Replication is not supported with NAT (may work sometimes, and other times will not work). What happens during an iSCSI login between the two partners is that initial connection goes to the group address, which returns a "target has temporarily moved" login failure and then redirects to a physical IP address of one of the eth interfaces on the receiving group.
The problem with NAT is that you can re-map the group address, but the login redirection is embedded in the iSCSI protocol. Unless your NAT knows how to snoop inside the iSCSI protocol and rewrite those addresses the group will be redirected to an IP address it cannot see, and replication will never complete.
In order for replication to function, your arrays have to be normally routed to each other, so they can each see not only the group IP but all of the eht IP addresses directly, without any translations.
On the B-side, verify that you see the replica of the 500GB volume and test it by cloning it to a volume. If that works, I'd say it was indeed successful.
When partnering 2 units for replication, be sure to also match the case of the partner name as this will prevent replication from working, but it only shows up (with a non-descriptive error message) after you try to actually replicate a volume.
The replica converted to a volume with no problems. I wish I had data in the 500GB to REALLY verify it, but everything went smoothly. I *think* it's working - it's just interesting in the WAN application and the NATting. I wish I had a way to trick that instead of having to accept the errors in my logs. We'll see - if my numbers are right based on the current statistics, in 2 more days we'll know if it replicated or not... :)
"In order for replication to function, your arrays have to be normally routed to each other, so they can each see not only the group IP but all of the eht IP addresses directly, without any translations."
Does that mean if I have the mgmt eth2 on both my SAN's on a different subnet and VLAN that can't talk to Eth0 and Eth1 that replication will not work? I have a current setup that allows me to ping between both my EqualLogic's boxs from Eth0 and Eth1 to the other units Eth0 and Eth1 and Group IP addresses. However, I can not get replication to work between them. I keep getting "No connection could be established. Verify that the partner IP address is correct".
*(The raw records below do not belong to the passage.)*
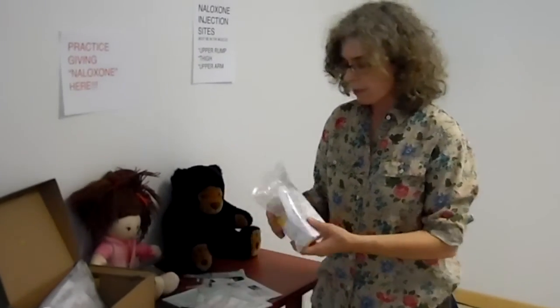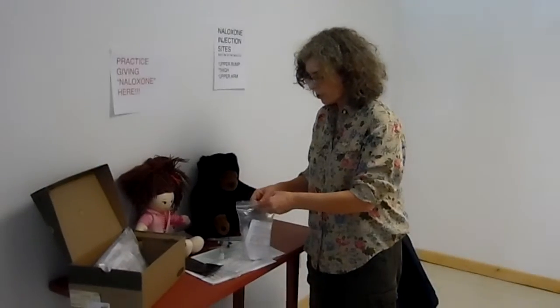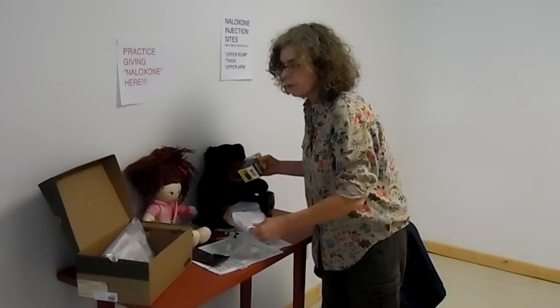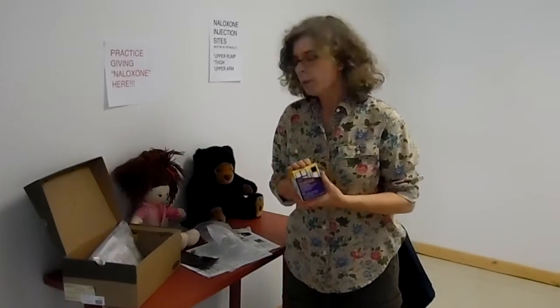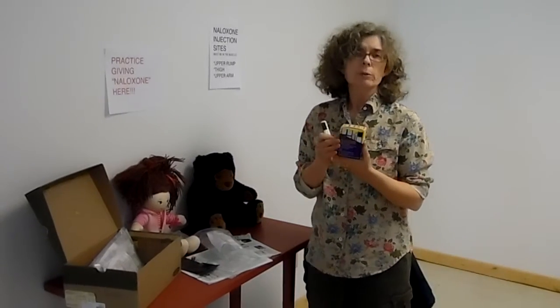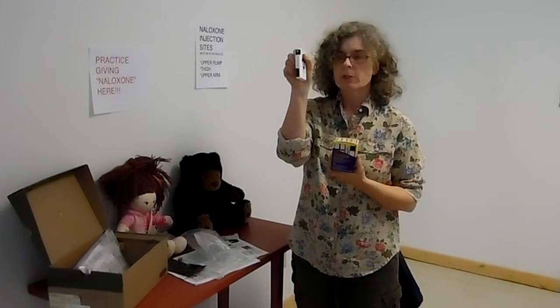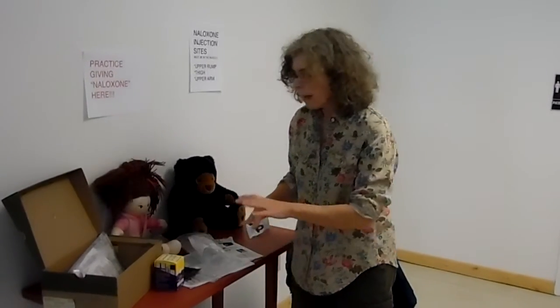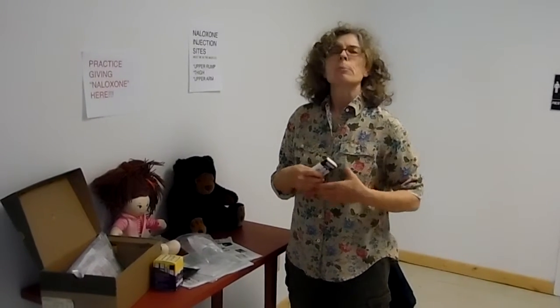Naloxone also comes in an auto-injector, which is really cool. This was approved for use in 2014. This kit contains two real doses similar to this cartridge — the real ones are purple and yellow. There's also a trainer in here. What's neat about these is they will talk you through the process. So if you're panicking, or if you are the person overdosing and you feel yourself going into overdose, you can hopefully inject yourself.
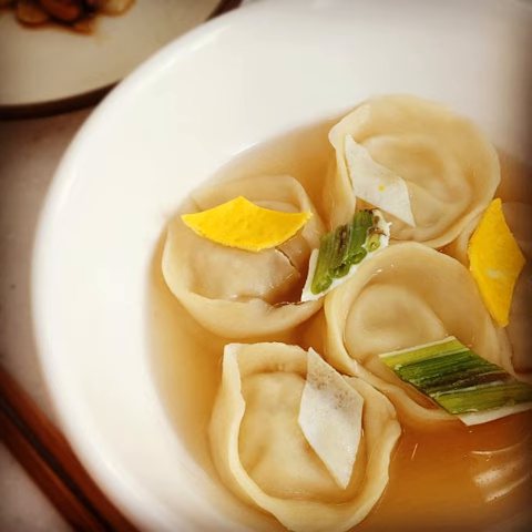Both wheat and buckwheat — the main ingredients for flour — were mainly cultivated in the north. Mandu was made and cooked in various ways, including mandu guk. In the Korean royal court, the dish was called byeongsi, while in Eumsik dimibang, a Joseon dynasty cookbook, it was called sokarutang. The exact era when mandu guk got its modern name is unknown.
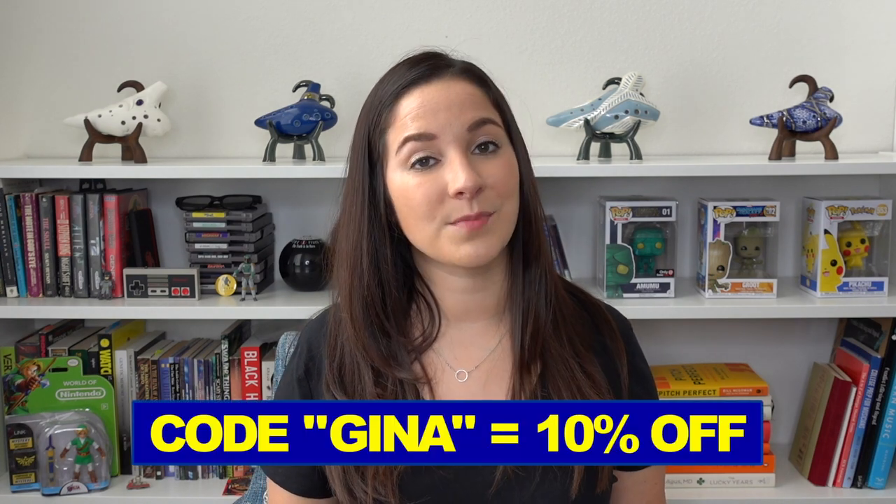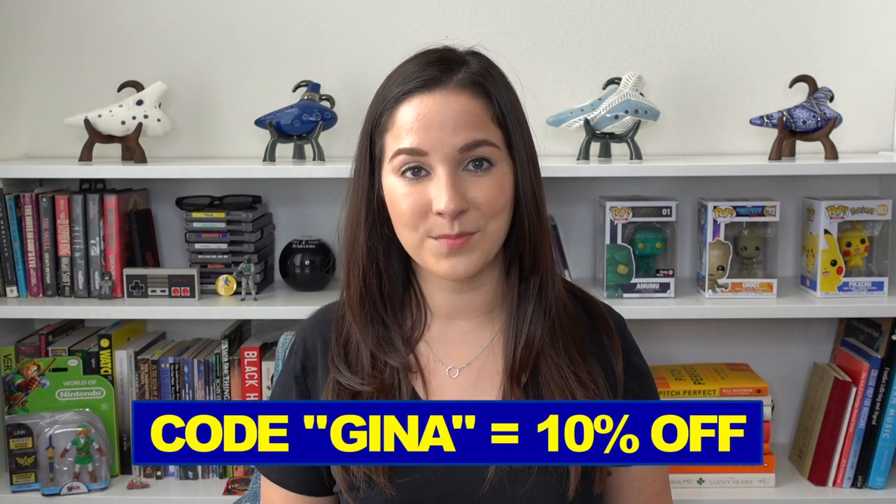If you're looking for your own ocarina, make sure to use my code GINA on the STL Ocarina website and you'll receive 10% off of your order.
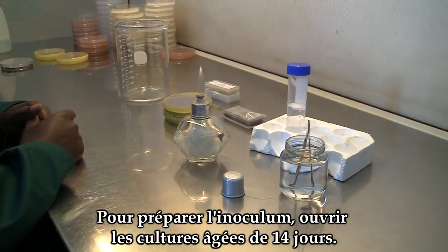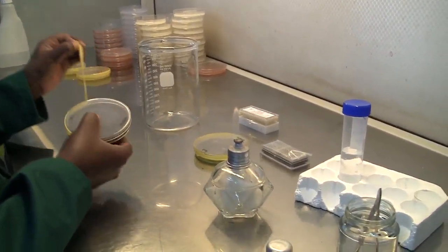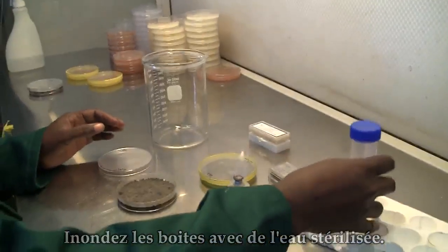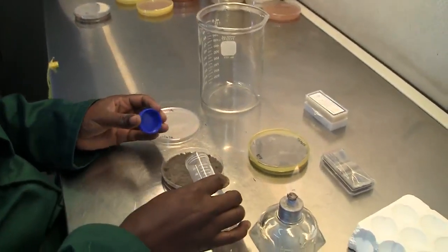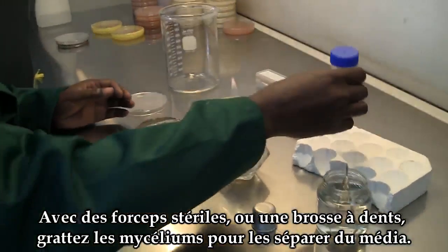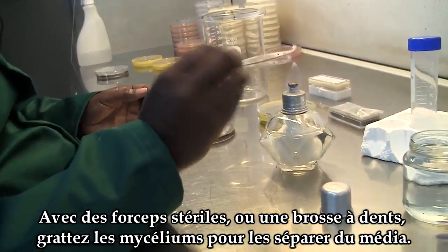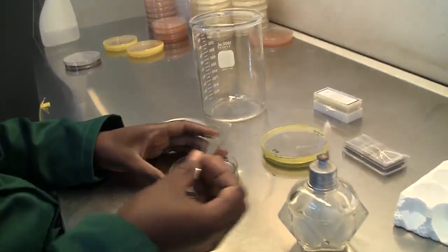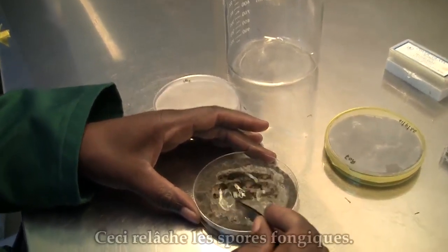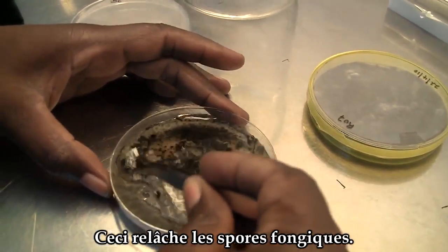To prepare the inoculum, open the 14-day-old cultures, flood them with sterile water, and using a sterile forceps or a toothbrush, scrape the mycelia off the media. This is to release the spores of the fungus.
More details - 4100E SANS - Firemware 6.0.1
Unit 1
Eth0 - 10.30.4.81
Eth1 - 10.30.4.82
Eth2 - 10.30.2.90 - mgmt
Group IP 10.30.4.80
Unit 2
Eth0 - 10.31.4.81
Eth1 - 10.31.4.82
Eth2 - 10.31.2.90 - mgmt
Gropu IP 10.31.4.80
Everyone can ping each other, example ping "-I 10.31.4.81 10.30.4.81" can ping fine including group IP's. Mgmt ports can ping each other as well. However, the networks on vlan'd and they can not talk between each other so 10.31.4.x can't talk to 10.31.2.x etc. Is this a problem for me then?
One last thing, the DRC side is only a 100MB switch and the Production is at 1GB. Should the EqualLogics be set at the DRC to forced 100 full instead of auto negotiate?
1) Make sure you entered the Group IP and Group name correctly (the name is case sensitive).
2) Using just the ping (without the -I option, can you ping just the group IP (both ways)
3) Did you test the traceroute command too?
To traceroute out each of the specific ETH port interface on the array, telnet/ssh to the array and use the following:
GrpName>support traceroute -s [ETH port source IP] [ETH Destination IP]
(note, the word “support” precedes the command)
Do this for all combinations both ways (from site 1 then from site 2).
4) Is port 3260 open both ways on the router/firewall? Also, ensure that the router/firewall is open for the IP address associated with all your iSCSI interfaces (eth 0, 1 and the Group IP)?
5) Do you have a wan accelerator? If so, check the settings.
So support had told me (I have case open on this issue) that there is no way to do a traceroute - I am glad to find the command!
Here are the answers to your questions:
1) Make sure you entered the Group IP and Group name correctly (the name is case sensitive).
A - checked and re-checked about 10 times now (I have even deleted them and recreated them several times)
2) Using just the ping (without the -I option, can you ping just the group IP (both ways)
A - Yes
3) Did you test the traceroute command too?
To traceroute out each of the specific ETH port interface on the array, telnet/ssh to the array and use the following:
GrpName>support traceroute -s [ETH port source IP] [ETH Destination IP]
(note, the word “support” precedes the command)
Do this for all combinations both ways (from site 1 then from site 2).
A- Yes, I have no issues here - it takes 10ms and it has 2 hop's. I tried every combination possible as well.
4) Is port 3260 open both ways on the router/firewall? Also, ensure that the router/firewall is open for the IP address associated with all your iSCSI interfaces (eth 0, 1 and the Group IP)?
A- Yes - well there is no firewall between them, just a switch setup as a router between the 2 subnets. I will have a exagrid solution setup the same way and it can talk. I will login to just make sure its not configured wrong though.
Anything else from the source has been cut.